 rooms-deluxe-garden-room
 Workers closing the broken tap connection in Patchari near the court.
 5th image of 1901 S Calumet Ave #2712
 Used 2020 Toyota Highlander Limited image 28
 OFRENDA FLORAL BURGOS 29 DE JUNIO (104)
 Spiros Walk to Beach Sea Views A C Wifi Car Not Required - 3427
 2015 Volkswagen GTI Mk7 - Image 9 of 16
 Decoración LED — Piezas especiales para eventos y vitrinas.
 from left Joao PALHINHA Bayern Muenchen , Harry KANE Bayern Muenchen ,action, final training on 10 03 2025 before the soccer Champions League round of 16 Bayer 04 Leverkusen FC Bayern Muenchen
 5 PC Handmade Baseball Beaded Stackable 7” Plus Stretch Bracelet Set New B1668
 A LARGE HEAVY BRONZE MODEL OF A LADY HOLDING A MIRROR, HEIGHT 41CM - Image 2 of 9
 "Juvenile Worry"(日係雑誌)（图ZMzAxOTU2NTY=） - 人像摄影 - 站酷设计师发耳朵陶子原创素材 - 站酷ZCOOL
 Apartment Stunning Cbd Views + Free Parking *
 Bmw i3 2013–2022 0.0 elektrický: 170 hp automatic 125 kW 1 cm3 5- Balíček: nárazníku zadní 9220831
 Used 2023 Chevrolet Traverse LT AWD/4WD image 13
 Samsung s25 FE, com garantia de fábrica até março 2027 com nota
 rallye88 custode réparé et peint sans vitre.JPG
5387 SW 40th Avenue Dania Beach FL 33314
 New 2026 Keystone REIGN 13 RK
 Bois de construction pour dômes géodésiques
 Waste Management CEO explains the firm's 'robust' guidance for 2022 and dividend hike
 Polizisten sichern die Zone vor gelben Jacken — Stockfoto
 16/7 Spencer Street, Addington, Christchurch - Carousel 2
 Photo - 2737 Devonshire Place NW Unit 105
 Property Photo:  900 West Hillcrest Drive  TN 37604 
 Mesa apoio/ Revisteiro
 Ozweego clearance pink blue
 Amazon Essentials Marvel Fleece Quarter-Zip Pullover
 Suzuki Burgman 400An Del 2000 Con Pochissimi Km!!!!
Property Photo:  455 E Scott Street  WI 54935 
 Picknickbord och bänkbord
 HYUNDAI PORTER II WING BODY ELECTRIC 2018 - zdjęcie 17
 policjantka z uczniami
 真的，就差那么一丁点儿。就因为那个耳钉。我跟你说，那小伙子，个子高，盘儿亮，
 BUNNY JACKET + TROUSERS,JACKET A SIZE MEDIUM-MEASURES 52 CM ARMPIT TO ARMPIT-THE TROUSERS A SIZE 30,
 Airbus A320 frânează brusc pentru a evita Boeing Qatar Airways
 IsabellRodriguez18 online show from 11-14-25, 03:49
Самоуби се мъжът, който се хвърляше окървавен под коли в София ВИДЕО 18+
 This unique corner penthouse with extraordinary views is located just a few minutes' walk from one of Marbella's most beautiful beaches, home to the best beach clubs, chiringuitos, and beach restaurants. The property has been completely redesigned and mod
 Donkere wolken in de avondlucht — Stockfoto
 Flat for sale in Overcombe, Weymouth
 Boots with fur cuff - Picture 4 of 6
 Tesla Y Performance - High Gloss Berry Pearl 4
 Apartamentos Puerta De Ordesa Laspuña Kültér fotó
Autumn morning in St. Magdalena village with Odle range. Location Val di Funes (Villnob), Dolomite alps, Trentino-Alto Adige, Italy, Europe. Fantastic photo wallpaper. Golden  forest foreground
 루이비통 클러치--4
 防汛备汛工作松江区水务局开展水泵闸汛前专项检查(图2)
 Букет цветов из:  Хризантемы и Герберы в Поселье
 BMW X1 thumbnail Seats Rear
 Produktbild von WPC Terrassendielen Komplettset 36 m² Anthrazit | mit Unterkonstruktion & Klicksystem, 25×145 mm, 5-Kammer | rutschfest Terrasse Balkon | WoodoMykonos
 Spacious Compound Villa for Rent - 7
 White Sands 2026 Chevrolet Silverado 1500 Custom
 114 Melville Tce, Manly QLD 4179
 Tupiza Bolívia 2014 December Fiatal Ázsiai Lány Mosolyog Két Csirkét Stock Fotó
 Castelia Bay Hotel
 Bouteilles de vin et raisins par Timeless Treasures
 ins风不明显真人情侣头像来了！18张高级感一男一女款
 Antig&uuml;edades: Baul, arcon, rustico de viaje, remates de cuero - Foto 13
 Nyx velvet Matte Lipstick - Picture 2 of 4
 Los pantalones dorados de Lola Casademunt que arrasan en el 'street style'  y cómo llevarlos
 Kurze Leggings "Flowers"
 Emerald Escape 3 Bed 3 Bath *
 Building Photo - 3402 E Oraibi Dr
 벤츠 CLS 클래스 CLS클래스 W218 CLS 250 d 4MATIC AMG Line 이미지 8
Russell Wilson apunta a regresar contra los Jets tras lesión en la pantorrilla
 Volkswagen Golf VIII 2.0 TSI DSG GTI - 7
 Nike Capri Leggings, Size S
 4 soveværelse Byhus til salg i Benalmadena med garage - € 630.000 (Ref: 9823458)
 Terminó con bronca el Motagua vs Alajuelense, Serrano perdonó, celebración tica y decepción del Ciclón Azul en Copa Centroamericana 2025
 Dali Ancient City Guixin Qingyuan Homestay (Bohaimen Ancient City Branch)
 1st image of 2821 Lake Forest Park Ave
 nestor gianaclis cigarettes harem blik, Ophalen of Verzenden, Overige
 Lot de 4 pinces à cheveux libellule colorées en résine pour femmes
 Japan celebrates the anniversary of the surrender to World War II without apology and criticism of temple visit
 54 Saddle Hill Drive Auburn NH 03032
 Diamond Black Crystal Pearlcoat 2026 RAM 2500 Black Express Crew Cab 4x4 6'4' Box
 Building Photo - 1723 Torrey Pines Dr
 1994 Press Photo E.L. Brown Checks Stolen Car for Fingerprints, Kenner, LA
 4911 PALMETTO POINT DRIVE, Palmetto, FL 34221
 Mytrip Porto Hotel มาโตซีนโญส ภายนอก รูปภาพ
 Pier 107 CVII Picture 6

※ ※ ※

### How to complete this task
Wherever the line holding "站酷设计师发耳朵陶子原创素材 - 站酷ZCOOL" falls in the entries above, copy exactly from it through the line holding "Photo - 2737 Devonshire Place NW Unit 105", inclusive, and add nothing.

### Reply to the task
 "Juvenile Worry"(日係雑誌)（图ZMzAxOTU2NTY=） - 人像摄影 - 站酷设计师发耳朵陶子原创素材 - 站酷ZCOOL
 Apartment Stunning Cbd Views + Free Parking *
 Bmw i3 2013–2022 0.0 elektrický: 170 hp automatic 125 kW 1 cm3 5- Balíček: nárazníku zadní 9220831
 Used 2023 Chevrolet Traverse LT AWD/4WD image 13
 Samsung s25 FE, com garantia de fábrica até março 2027 com nota
 rallye88 custode réparé et peint sans vitre.JPG
5387 SW 40th Avenue Dania Beach FL 33314
 New 2026 Keystone REIGN 13 RK
 Bois de construction pour dômes géodésiques
 Waste Management CEO explains the firm's 'robust' guidance for 2022 and dividend hike
 Polizisten sichern die Zone vor gelben Jacken — Stockfoto
 16/7 Spencer Street, Addington, Christchurch - Carousel 2
 Photo - 2737 Devonshire Place NW Unit 105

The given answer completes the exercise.